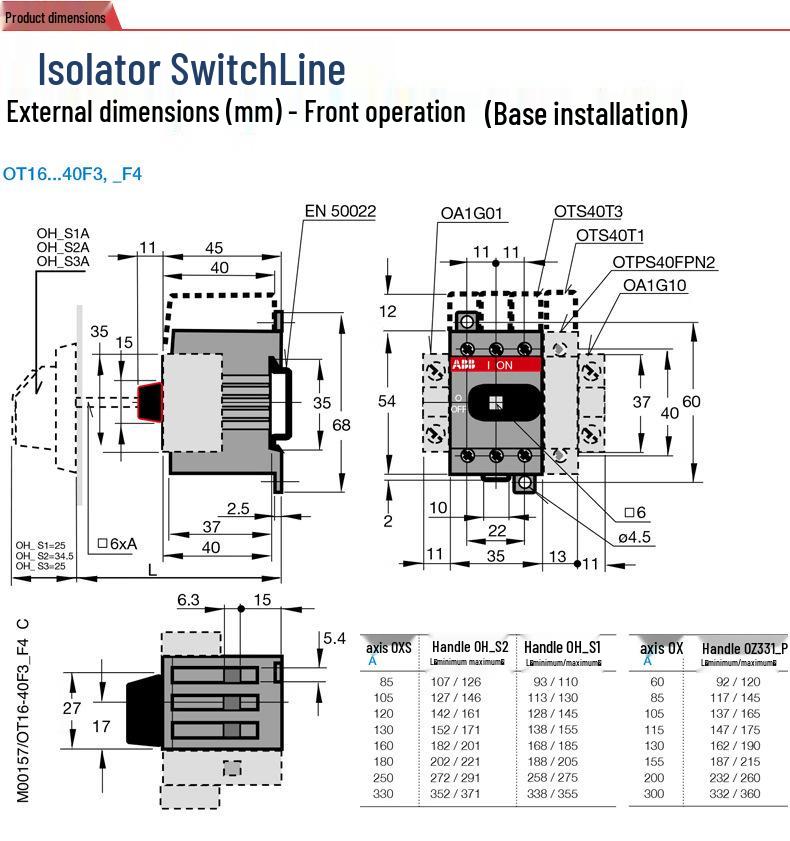 ABB OT40F3 Disconnect Switch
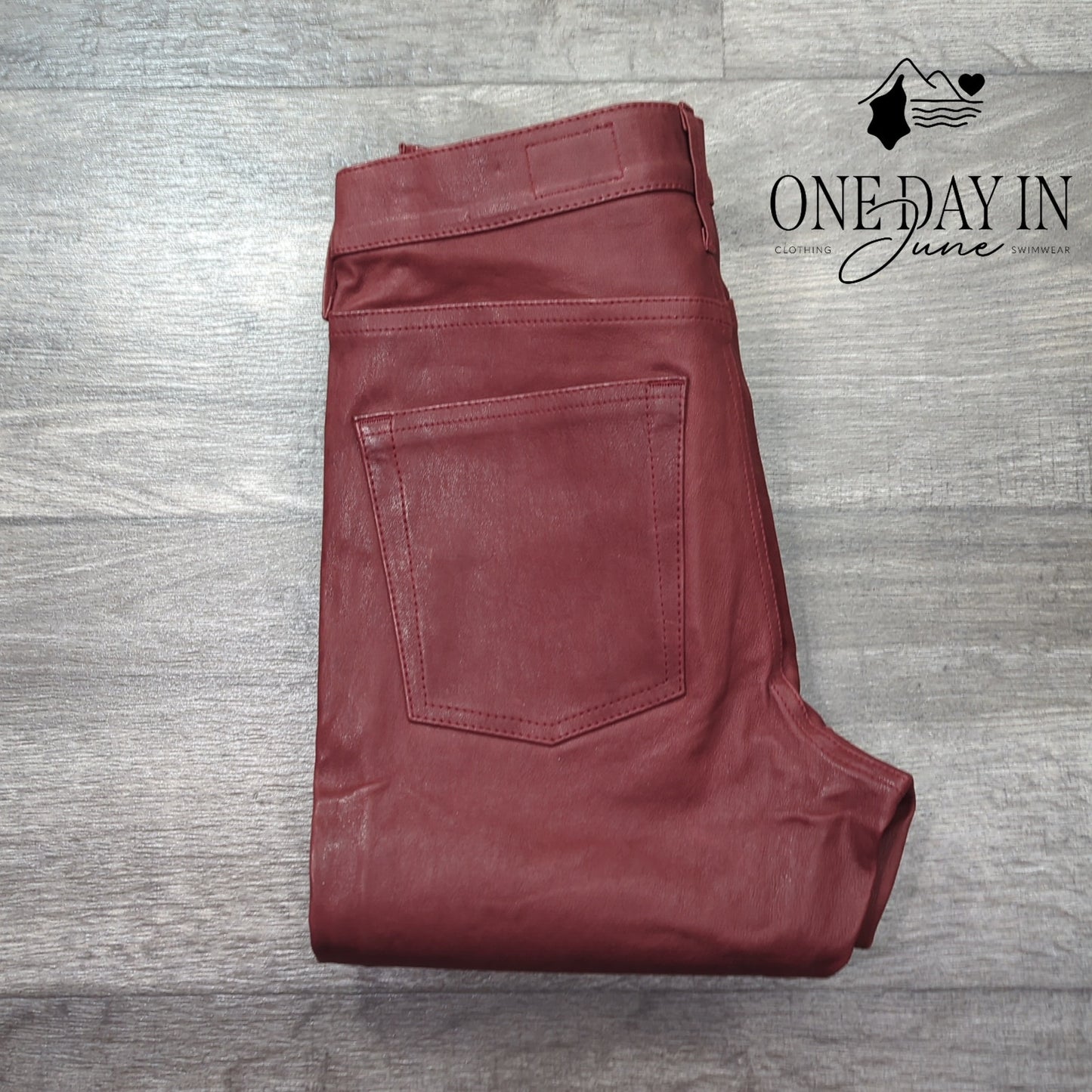 Adriano Goldschmied The Farrah Skinny Faux Leather Skinny Jeans Size 27 (4)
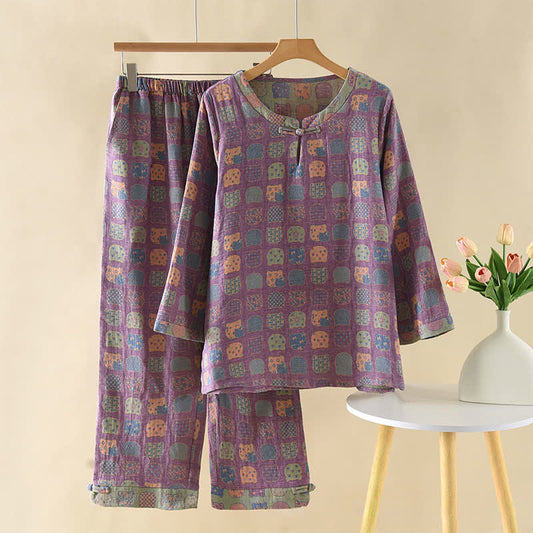 Vintage Cotton Cat Long Sleeve Pajamas - XL - image 0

▶ **Task to carry out**: Copy the listing verbatim, omitting images.

▶ **Response to this exercise**:
 ABB OT40F3 Disconnect Switch
 Adriano Goldschmied The Farrah Skinny Faux Leather Skinny Jeans Size 27 (4)
 Vintage Cotton Cat Long Sleeve Pajamas - XL - image 0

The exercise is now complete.